C’est donc le 1er septembre 1841 que le navire français, Paquebot des Mers du Sud, commandé par le capitaine Saliz, jette l’ancre en rade de Port-Louis. La cause de cette escale est due à de nombreuses avaries et un mât brisé, dégâts provoqués par une terrible tempête de cinq jours et de cinq nuits, au large du cap de Bonne Espérance.

Le poète Charles Baudelaire, qui a embarqué à Bordeaux, le 9 juin 1841, met alors pied à terre à Maurice. Il vient d’avoir vingt ans et se retrouve ainsi dans cette île contre son gré. A bord du Paquebot des Mers du Sud, l’isolement du poète, abandonné à une mélancolie rêveuse, et claustré dans sa cabine, a été total. Dans « Un hémisphère dans une chevelure », il écrit : « Dans les caresses de ta chevelure, je retrouve les langueurs des longues heures passées sur un divan dans la chambre d’un beau navire […] »

Le poème « L’Albatros », en décrivant les jeux de l’équipage désoeuvré  avec un albatros, nous propose un aperçu de ce que fut ce long voyage : « Souvent, pour s’amuser, les hommes d’équipage

Prennent des albatros, vastes oiseaux des mers,

Qui suivent, indolents compagnons de voyage,

Le navire glissant sur les gouffres amers. »

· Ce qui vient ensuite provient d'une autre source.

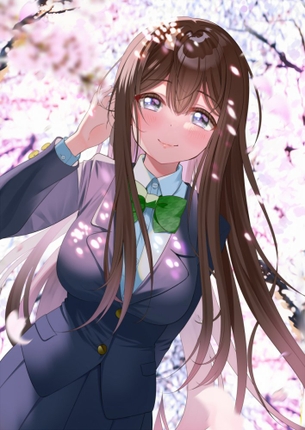 【制服JK】エッチな知識なんて少しも知らなそうな清楚系女子校生の画像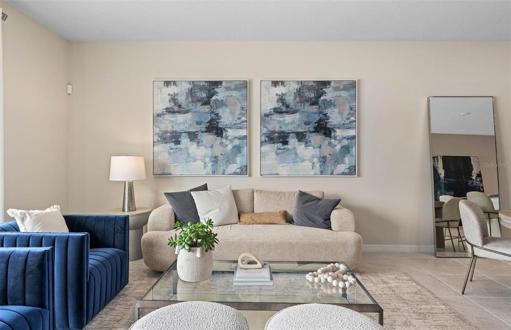 Gathering Room *Model Home Design – Pictures are for illustration purposes only. Elevations, colors and options may vary. Furniture is for model home only.
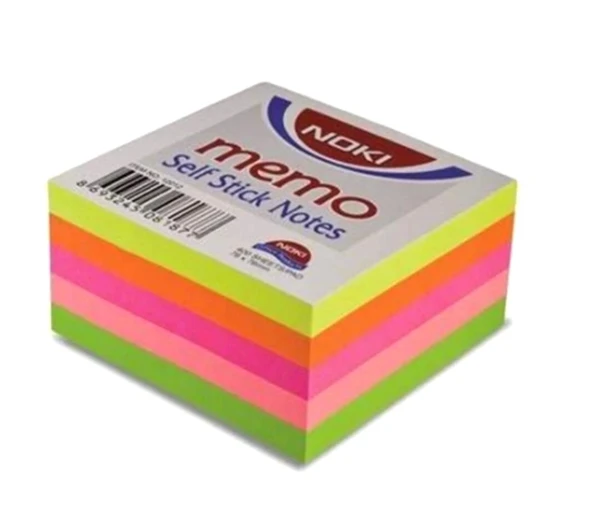 Noki Yapışkanlı Not Kağıdı Renkli 75X75Mm 400 Yaprak ürün görseli 1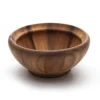 Ironwood Gourmet 28109 Acacia Wood 7" Small Salad Bowl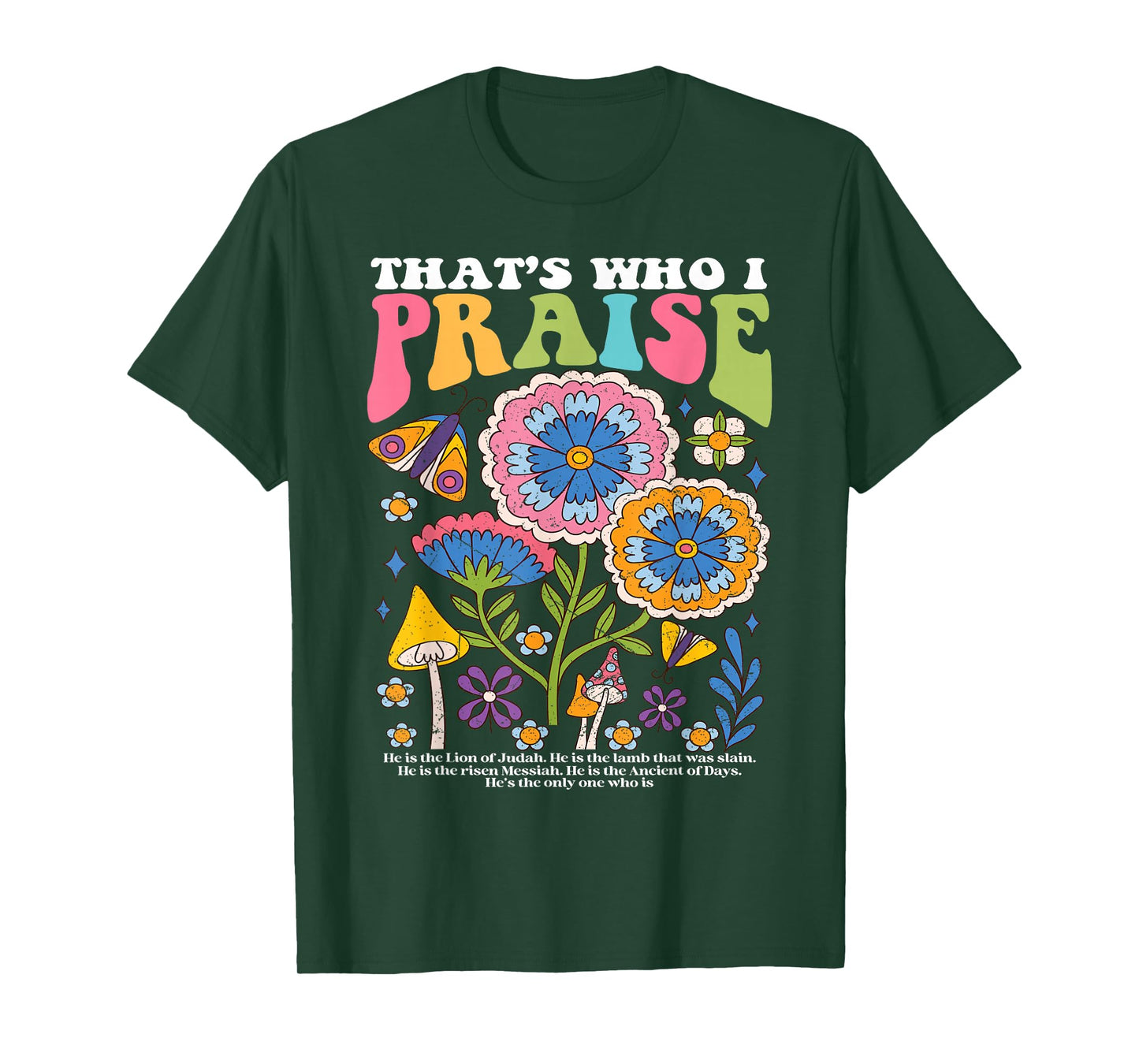 Brandon That's Who I Praise Jesus Christian Lake Merch T-Shirt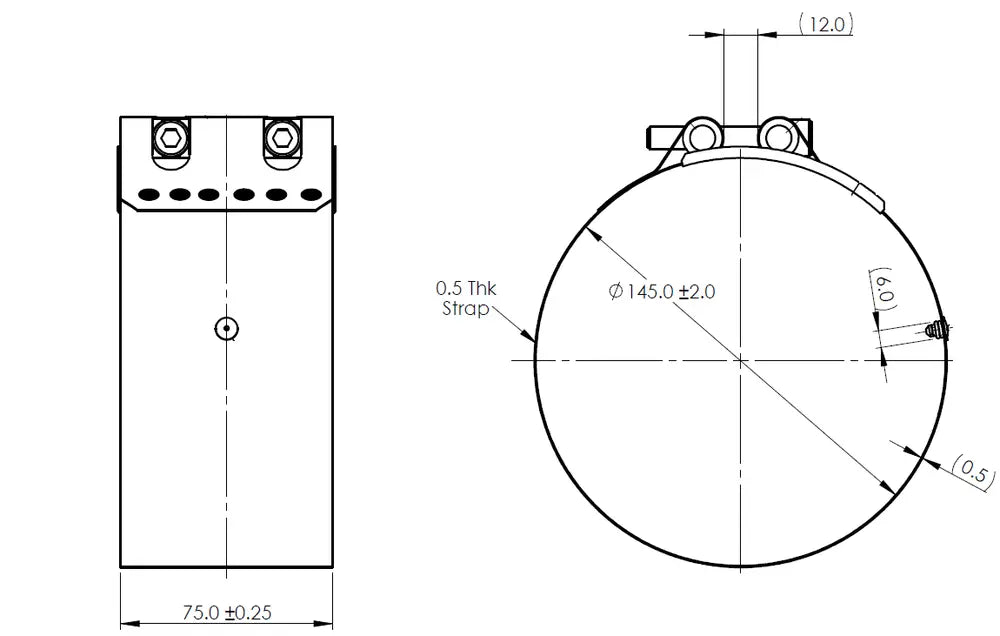 FlexJoiner Fascetta, Ø=157.5 / L=75 mm, INOX - 99342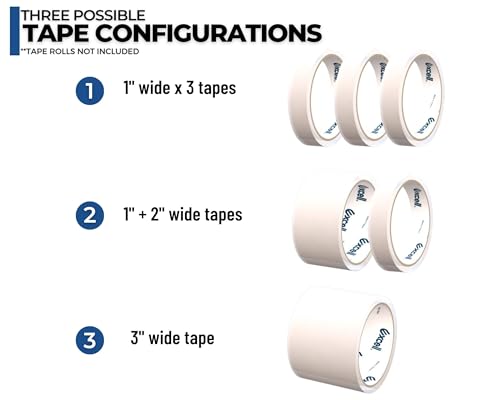 by Excell Triple Premium Extra Wide Metal Multi-Roll Desktop Tape Dispenser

L’on sait que l’amour de la mer occupe dans la poétique de Baudelaire une place privilégiée, dont il a donné l’explication dans Mon Cœur mis à nu (LVI) : « Pourquoi le spectacle de la mer est-il si infiniment et si éternellement agréable ?- Parce que la mer offre à la fois l’idée de l’immensité et du mouvement… » On citera bien évidemment le poème, « L’Homme et la mer », présent dans toutes les mémoires  (« Homme libre, toujours tu chériras la mer ») et le vers de « Moesta et errabunda » : « La mer, la vaste mer console nos labeurs ». L'étendue liquide cristallise encore l’oscillation caractéristique de l’œuvre baudelairienne. Si l’océan représente « les agonies et les extases de toutes les âmes qui ont vécu, qui vivent et qui vivront  », (« Déjà », in Petits poèmes en prose), il est aussi objet de haine car l’esprit du poète se retrouve dans ses « bonds » et ses « tumultes » :

« […] ce rire amer-

De l’homme vaincu, plein de sanglots et d’insultes,-

Je l’entends dans le rire énorme de la mer. »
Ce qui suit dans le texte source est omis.